Auf das Losverfahren kam Novartis nach eigenen Angaben mit einem Ethikrat, weil es die Therapie weltweit so schnell wie möglich zur Verfügung stellen wollte, sagt eine Novartis-Sprecherin.

Nur fragen Betroffene: Warum stellt Novartis nicht statt 100 Behandlungen für knapp zwei Millionen Euro pro Dosis 1000 Behandlungen zu einem niedrigen Preis bereit? Die Herstellungskapazitäten seien begrenzt, sagt die Sprecherin. Mehr als 100 Dosen könne das einzige Werk in Illinois in den USA in diesem Jahr nicht zusätzlich zu den erwarteten Bestellungen liefern .

Für den Preis pro Dosis waren die Kosten für das andere Medikament für SMA-Kinder ausschlaggebend, sagt Dave Lennon, Chef des Herstellers AveXis, der zu Novartis gehört. Zolgensma, das nur einmal verabreicht wird, sei über zehn Jahre gerechnet halb so teuer wie Spinraza, das alle vier Monate gespritzt werden muss.

Um allen Patienten eine faire Chance zu geben, sei nur das Zufallsprinzip in Frage gekommen, so die Novartis-Sprecherin. „Es ist ein Dilemma“, räumt sie ein. „Wir haben einfach nicht so viele Dosen zur Verfügung wie wir gerne hätten. Bei aller Kritik an diesem Verfahren mangelt es vorerst an Alternativvorschlägen.“

Der Medizinethiker Norbert W. Paul widerspricht. Ethischer wäre es gewesen, klare Kriterien als Voraussetzung für die Verabreichung des Medikamentes festzulegen, sagt der Professor der Universitätsmedizin Mainz.

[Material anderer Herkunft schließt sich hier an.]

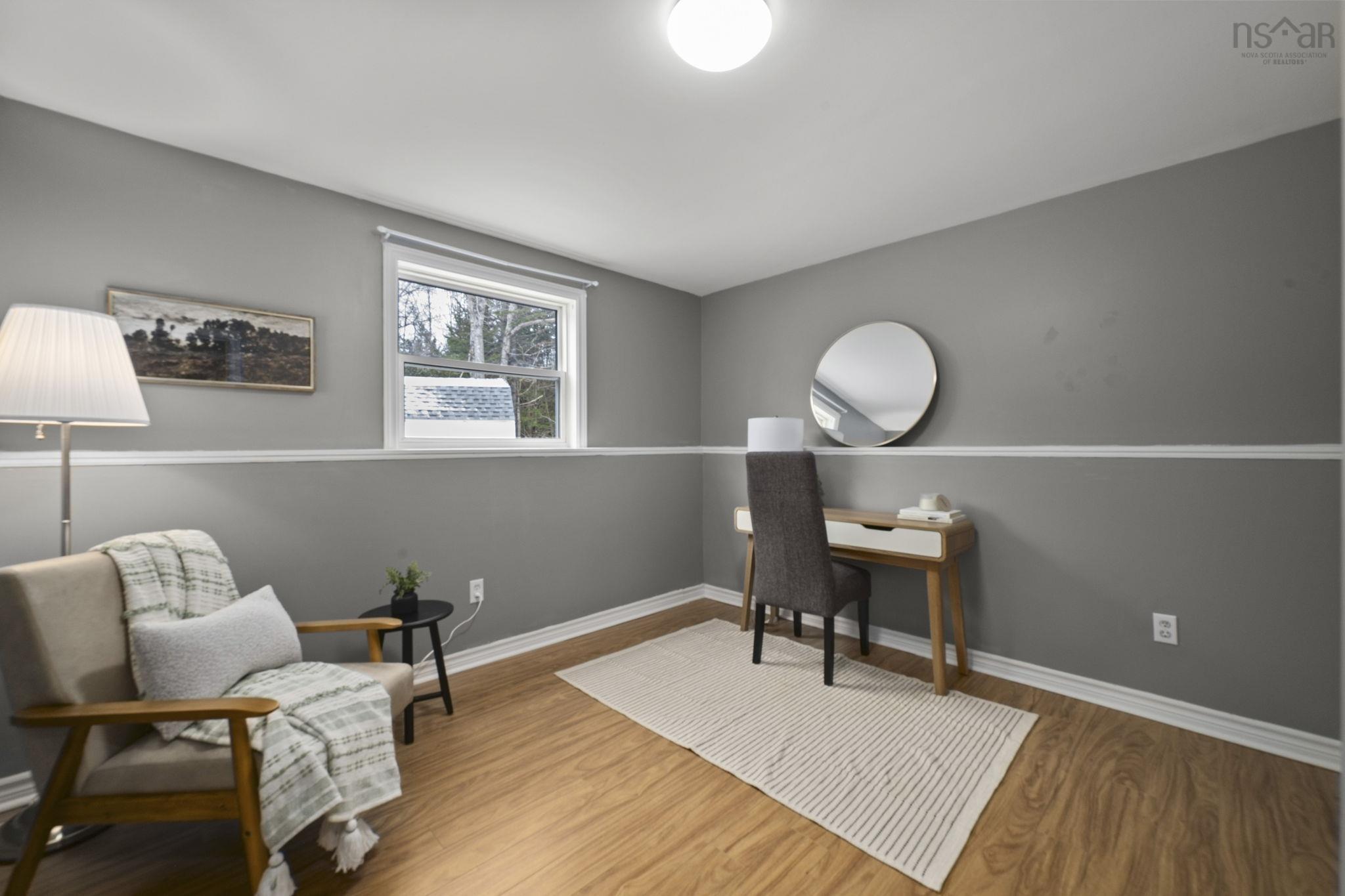 816 Pockwock Road, Lucasville, NS (MLS 202600852)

Zum Beispiel, ob es für die Kinder alternative Therapien gebe, ob eine Klinik in der Nähe sei, die mit Gentherapie umgehen könne, ob eine Nachsorge und im Notfall auch eine Krisenversorgung möglich sei.

Das Losverfahren lehnt er ab. „Novartis unterläuft mit dieser Abgabe aus Mitleid die Zulassung, um einen Fuß im Markt zu haben und so Druck zu machen, dass die Zulassung gar nicht mehr erforderlich zu sein scheint“, sagt er.

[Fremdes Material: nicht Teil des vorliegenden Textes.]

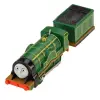 THOMAS BMK86-BMK87/CDB69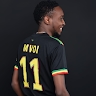 Gift Mvoi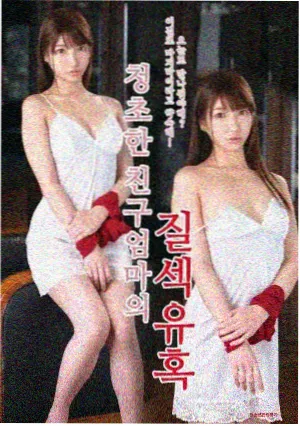 韩国电视剧大全律政剧《检察官的午餐》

Es sei wie eine verdeckte Marketingkampagne. Es entstehe der Eindruck, als handele es sich bei dem Medikament um eine Zauberkugel, und als sei die Standardtherapie mit Spinraza schlechter oder eine Billigvariante. „Dem ist ja gar nicht so“, betont Paul. „Aber natürlich greifen verzweifelte Eltern nach jedem Strohhalm. Um so bedenklicher ist eine Verlosung.“

Ablehnung kommt auch vom Bundesgeschäftsführer der Deutschen Gesellschaft für Muskelkranke (DGM), Joachim Sproß. „Das ist eine Dilemma-Situation auf Kosten der Eltern“, sagt er.

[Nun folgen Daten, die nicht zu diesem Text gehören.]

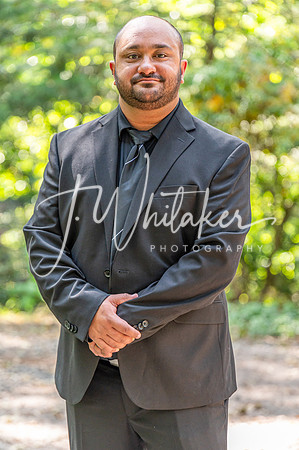 DSC_2819-Edit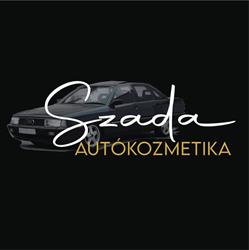 Szada Autókozmetika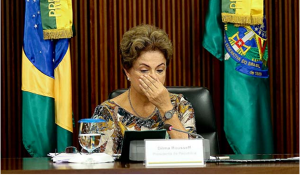 dilma-2-620x359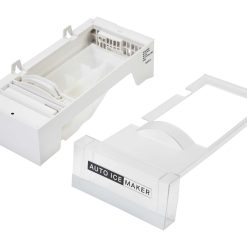 W11436851 - ICEMAKER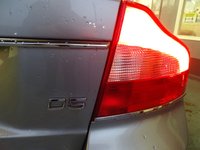 USED 2011 61 VOLVO S80 2.4 D5 SE 4d 205 BHP  AUTOMATIC Low Miles.....Timing Belt Done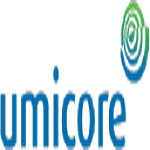 Umicore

„Wenn jemand die medizinische Indikation hat, muss er Zugang zu dem Medikament haben“, verlangt er. Gesundheitsministerium, Zulassungsstellen, Ärzte und Eltern müssten endlich an einen Tisch kommen, um den besten Weg nach vorn zu finden. „Natürlich freuen wir uns grundsätzlich, dass es Therapien gibt. Da hätte vor fünf Jahren noch niemand mit gerechnet.“

Am Montag zieht eine von Novartis beauftragte Forschungsorganisation nun erstmals den Namen eines der Kinder, die die Behandlung gratis bekommen sollen. Alle paar Wochen folgt eine weitere Ziehung.

Wie viele Bewerbungen eingegangen sind, sagt Novartis nicht. Wenn das Heimatland des Kindes die Behandlung mit dem noch nicht zugelassenen Medikament erlaubt und ein Behandlungszentrum da ist, kann Zolgensma innerhalb von Wochen verabreicht werden.